** Opening Data extracts block **

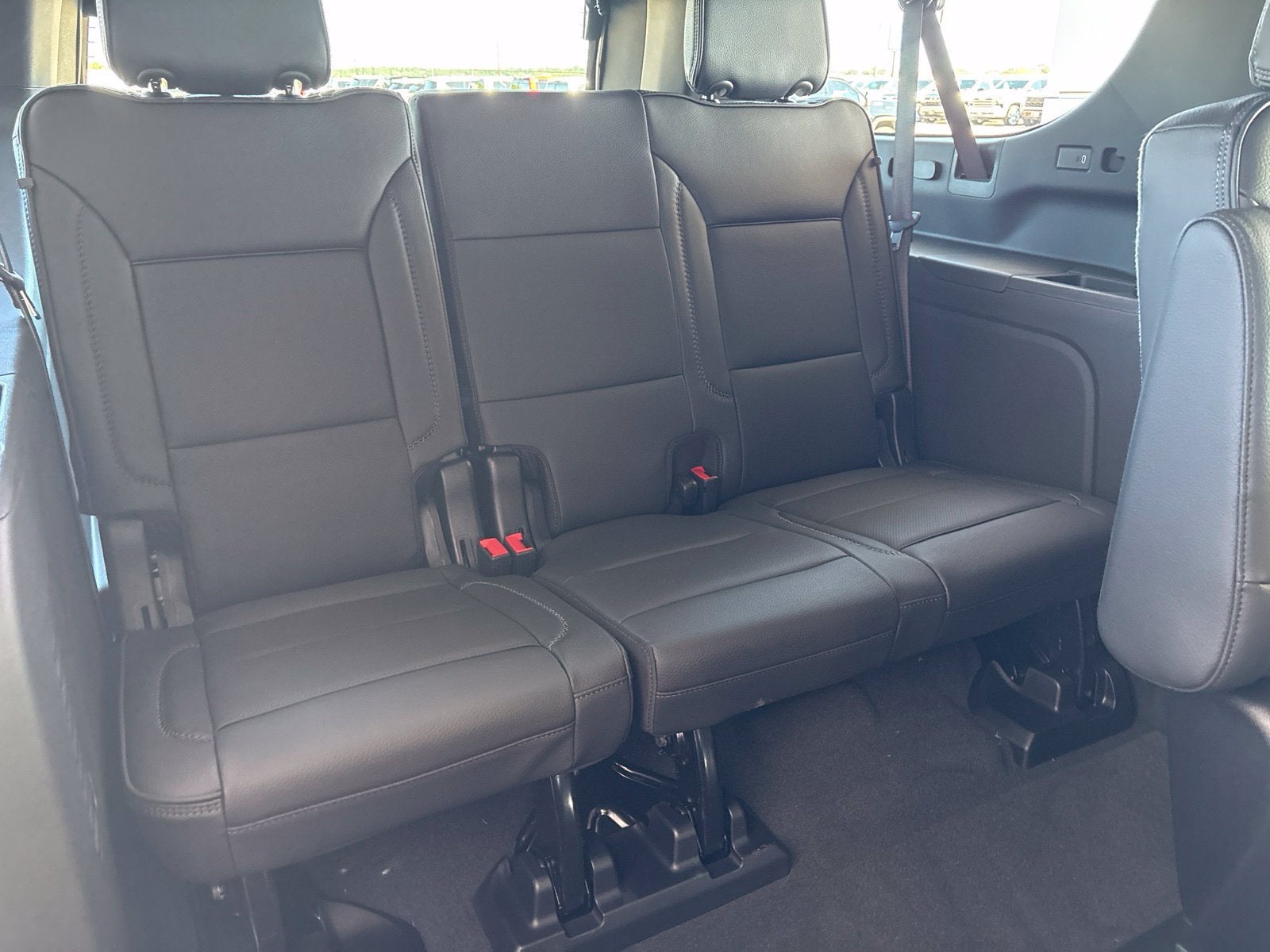 2027 GMC Yukon XL Denali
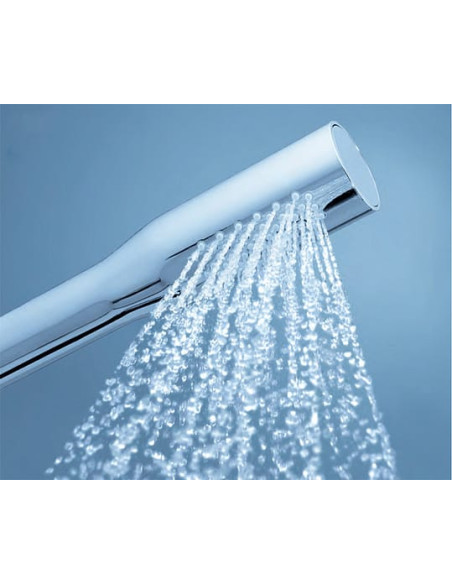 Grohe dušas komplekts Euphoria Cosmopolitan 27369000 - 9 Grohe dušas komplekts Euphoria Cosmopolitan 27369000 - 9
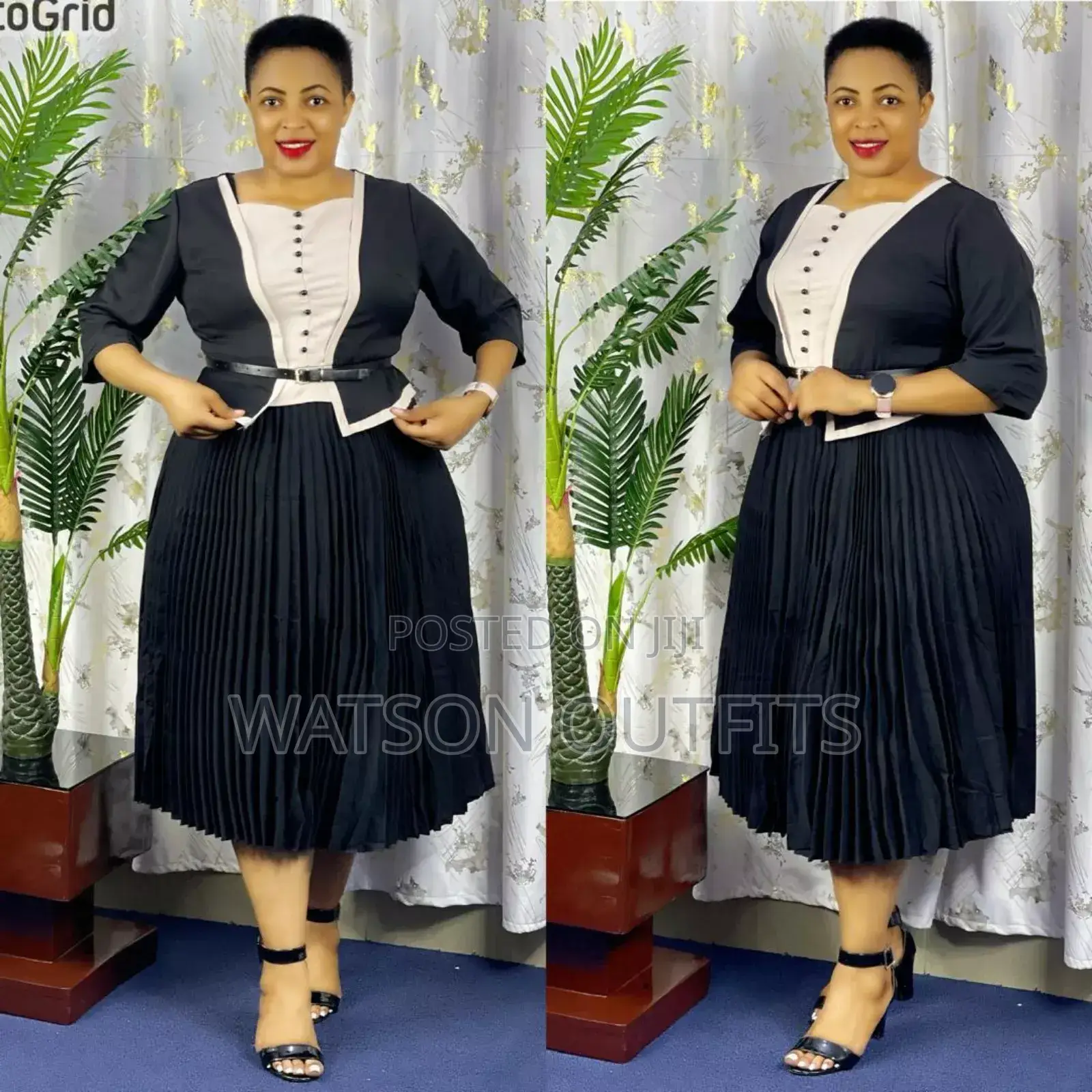 New Ladies Wears
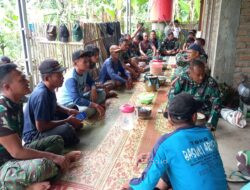 Direncanakan Ada 28 Titik Pembangunan Jembatan Perintis Garuda di Wilayah Ponorogo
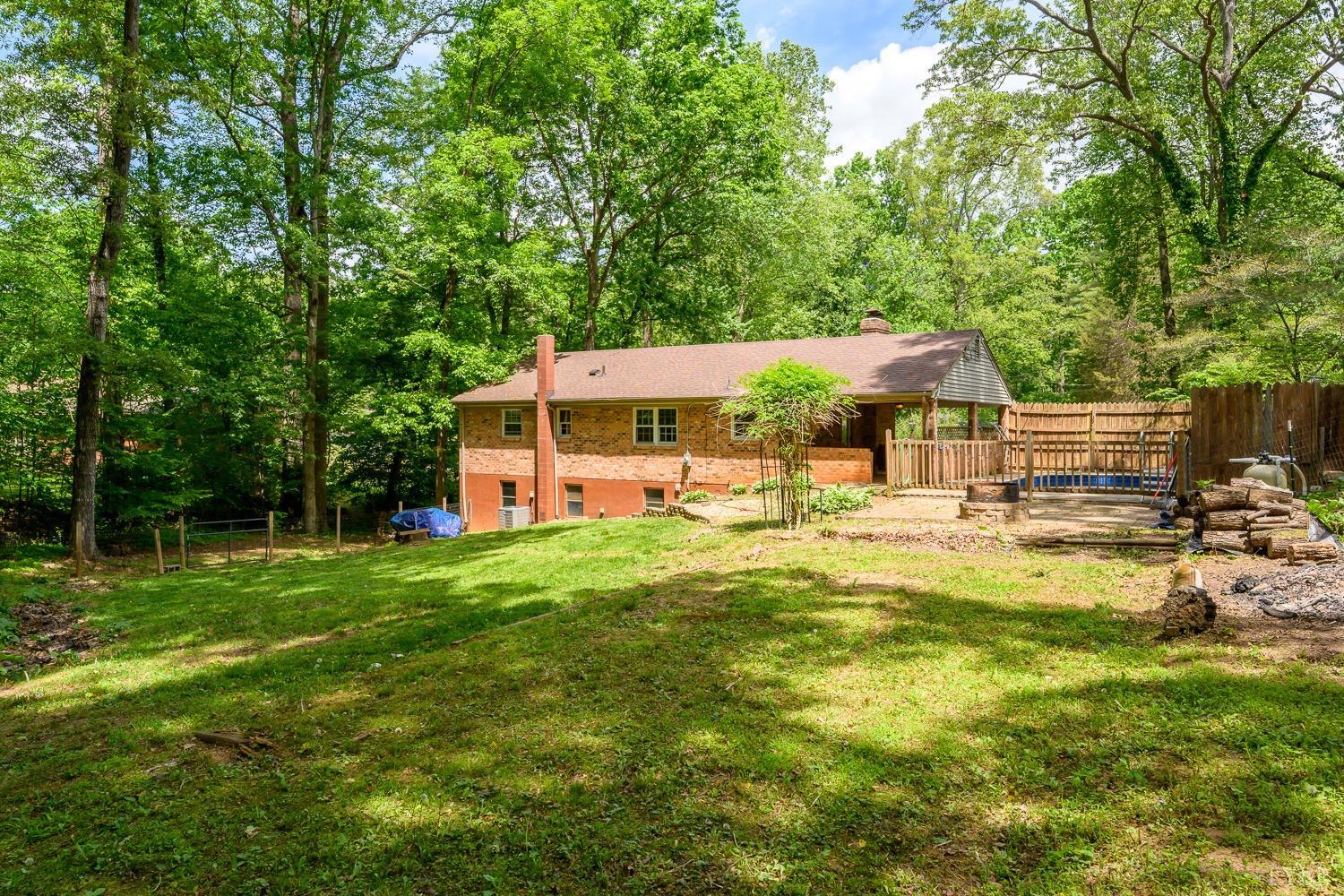 180 Lamont Circle, Madison Heights, Virginia image 45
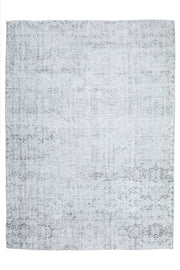 Vintage Area Anatolian Rug - 1950s -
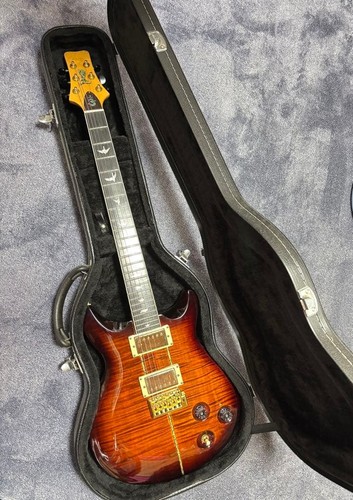 Santana prs style brand - prs,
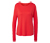 Funktionsshirt, rot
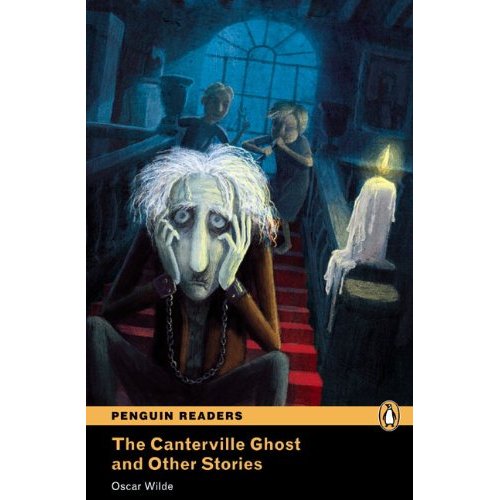 THE CANTERVILLE GHOST AND OTHER STORIES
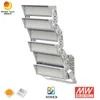 Đèn đèn pha công nghiệp 1500W LED Đèn cao cao Đèn sân thể thao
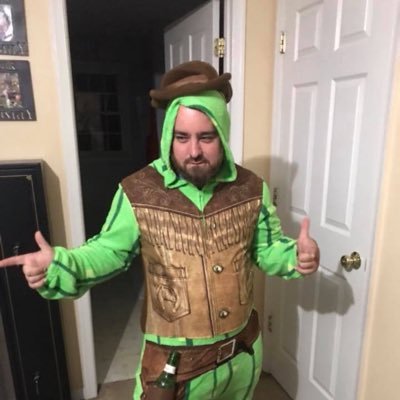 Profile Picture of Justin Staggs (@justinstaggs7) on Twitter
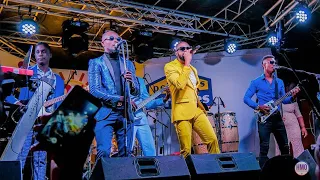 Roody Roodboy te chante Spécial & RIP makomè live Okap Lakay Bar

** Closing Data extracts block **

▶ **Task directions**: The entries are to be copied exactly, and each image is to be omitted.

▶ **Expected output**:
 2027 GMC Yukon XL Denali
 Grohe dušas komplekts Euphoria Cosmopolitan 27369000 - 9 Grohe dušas komplekts Euphoria Cosmopolitan 27369000 - 9
 New Ladies Wears
 Direncanakan Ada 28 Titik Pembangunan Jembatan Perintis Garuda di Wilayah Ponorogo
 180 Lamont Circle, Madison Heights, Virginia image 45
 Vintage Area Anatolian Rug - 1950s -
 Santana prs style brand - prs,
 Funktionsshirt, rot
 THE CANTERVILLE GHOST AND OTHER STORIES
 Đèn đèn pha công nghiệp 1500W LED Đèn cao cao Đèn sân thể thao
 Profile Picture of Justin Staggs (@justinstaggs7) on Twitter
 Roody Roodboy te chante Spécial & RIP makomè live Okap Lakay Bar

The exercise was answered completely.